Because if there's a BC break, then all the packages linking to that library
would need to be upgraded, all at the same time. If every library did this, at
uncontrolled points in their releases, every single bugfix would require
building everything that changed downstream from it and thus downloading it
all and installing.
There's also the issue of what happens during that upgrade process, when
certain programs will be already running linking to the old library, and may
suddenly load plugins that were compiled against the new ABI, causing crashes
left and right if you've installed updates until you reboot.

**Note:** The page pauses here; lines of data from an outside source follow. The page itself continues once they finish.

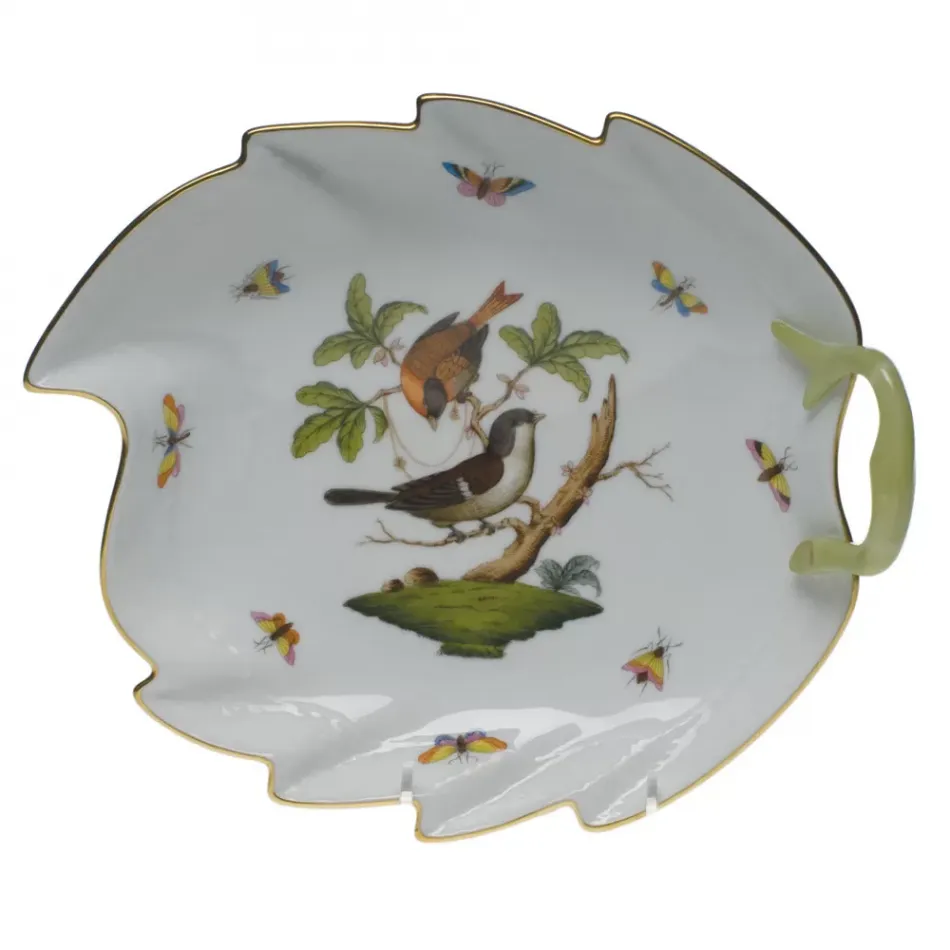 Rothschild Bird Multicolor Leaf Dish 9.5 in L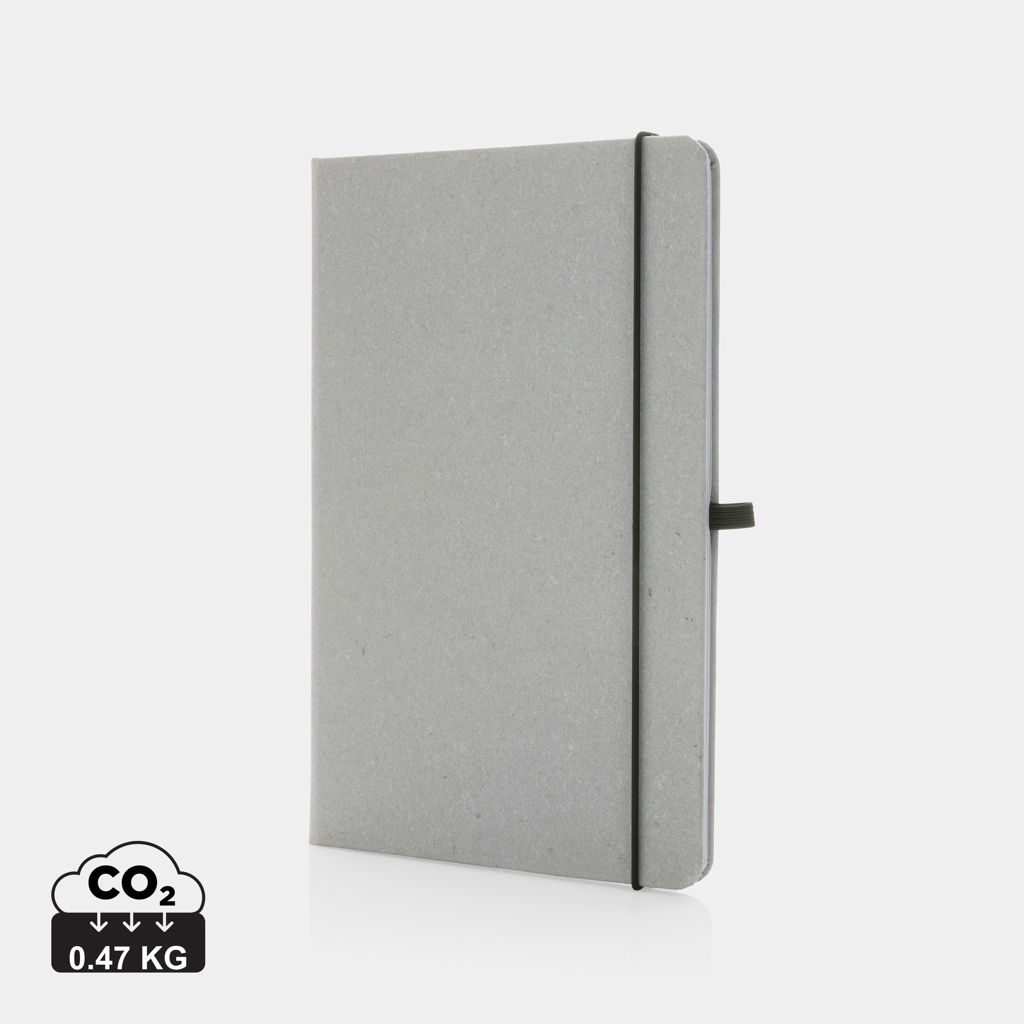 Carnet A5 en cuir recyclé publicitaire Gris clair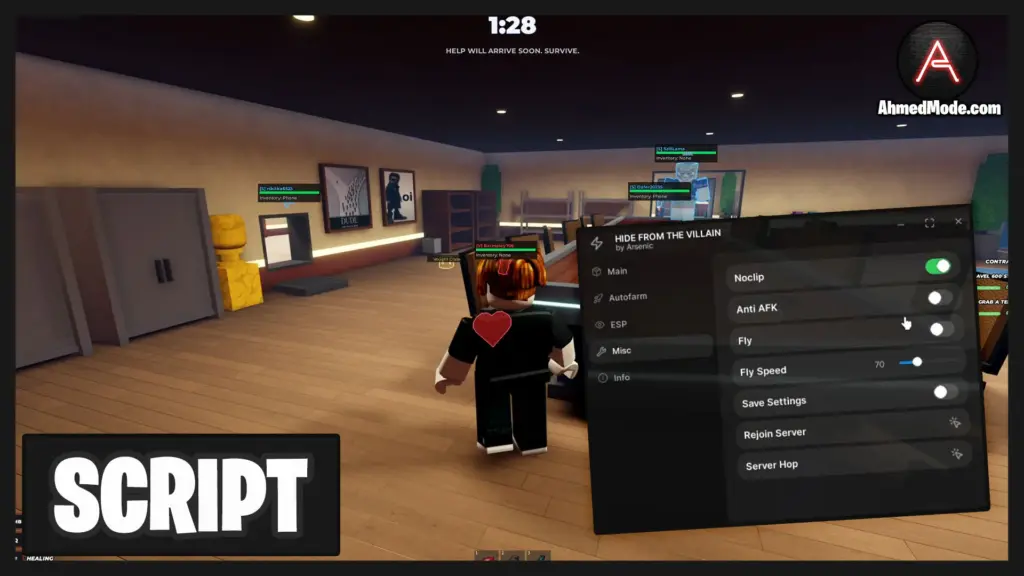 HIDE FROM THE VILLAIN Script Auto Farm, Kill Aura & ESP – Roblox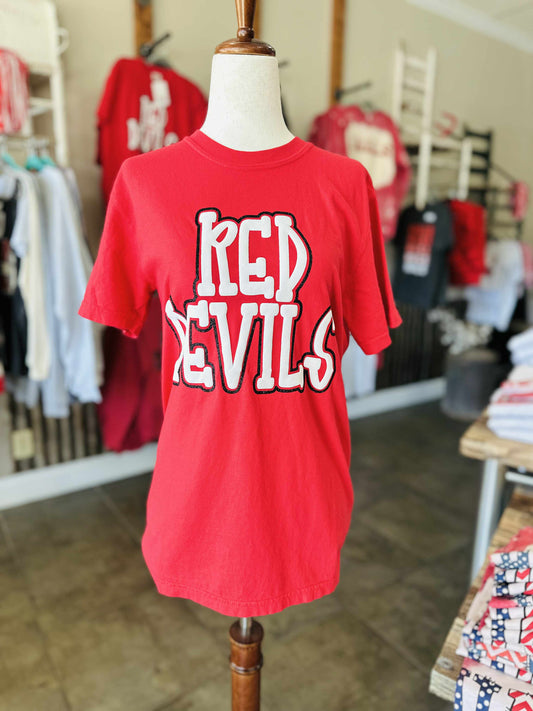 Red Devils Puff Ink Black Glitter Tshirt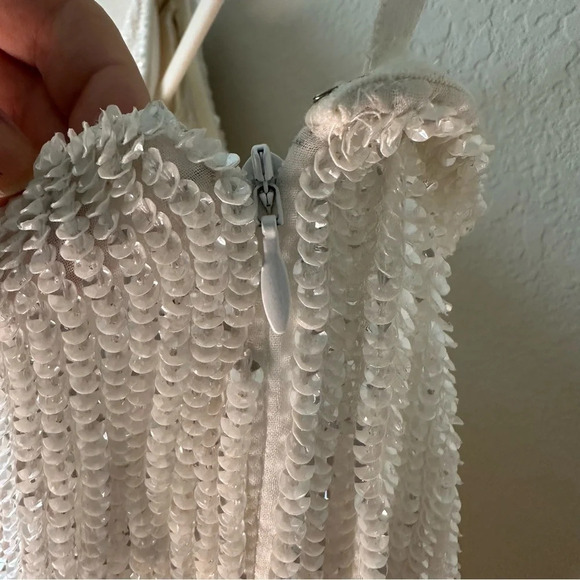 RETROFÊTE Bridgette one-shoulder velvet-trimmed sequined chiffon mini dress SZ S - Picture 9 of 9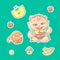 Vector set of color illustrations stickers happy child and kitten. Apples, bananas, kasha and other baby food. The chubby curly ki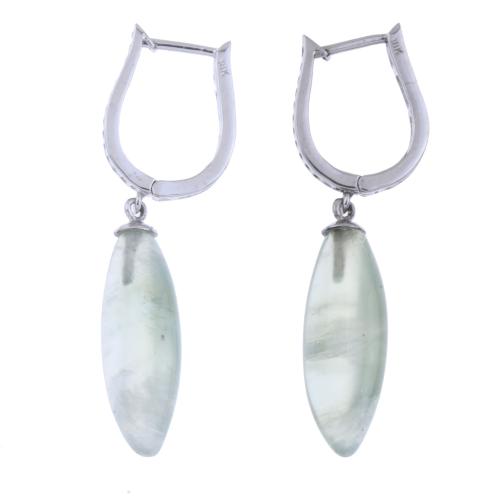 PREHNITE AND DIAMONDS EARRINGS.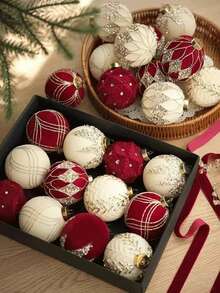 12 pièces Boules décoratives de Noël de 8 cm, ornements de Noël en strass floqués, boules décoratives en plastique à suspendre, convient pour la décoration du sapin de Noël, la décoration de la maison, la décoration de la chambre, la décoration du Nouvel An, les décorations de Noël, la décoration extérieure, la décoration de fête de Noël, les fournitures de fête de Noël, les ornements suspendus festifs thématiques de Noël, les décorations de fête d'événement, le coffret cadeau d'ornements de Noël, Bonne année, la décoration d'Halloween, les cadeaux pour les amis et la famille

And there are also binaries that don't come from distributions. When dealing
with developers, it happens often that people have stuff lying around they
build a couple of months ago. BC breaks are a recipe for unexpected and hard-
to-debug issues. The libstdc++ break showed how developers aren't aware of
this issue and keep running into problems. I saw several times people
reporting build errors that included "unresolved symbol <something with
std::__cxx11>". And that was a minor break.
> > Distros may refuse to update Qt within a distro release as a result, which
> > means users are stuck with older Qt for longer.
>
> Yes, and, so what?
It would be less of a problem if we actually released bugfix releases. We
don't. Case in point: 5.8.1.
So, no, going from 5.7.1 to 5.8.0 to 5.9.0 to get bugfixes is not acceptable,
especially if that implies recompiling half the distro and forcing reboots.
> We are not talking about security problems. What is wrong with running a
> half-year, or worst case maybe even a two year old version of some library
> as base for the bulk of the applications?
Because there are worse than or equally bad issues as security problems. For
example, during 5.4, all Qt-based applications would crash when I plugged in
my external monitor. Without a bugfix, it would mean being unable to *work*.
It's bad enough that our policy is "no bugfix for youf or 6 months". It would
be worse if it were "and when you get those bugfixes, you need to rebuild
everything or download a gigabyte of new builds".
> > All that more or less already applies to the standard library however
> > (probably most distros don't accept a standard library BC break without a
> > mass rebuild anyway), so Qt insulating against BC breaks in the standard
> > library is maybe less necessary.
>
> That was the starting point here. Not Qt breaking BC by itself, but allowing
> C++ BC breakages to affect otherwise "pure Qt" applications.
Distros did shield from rebuilding after the libstdc++ breakages. But I am
with others now saying that we shouldn't have to go out or our way to do that.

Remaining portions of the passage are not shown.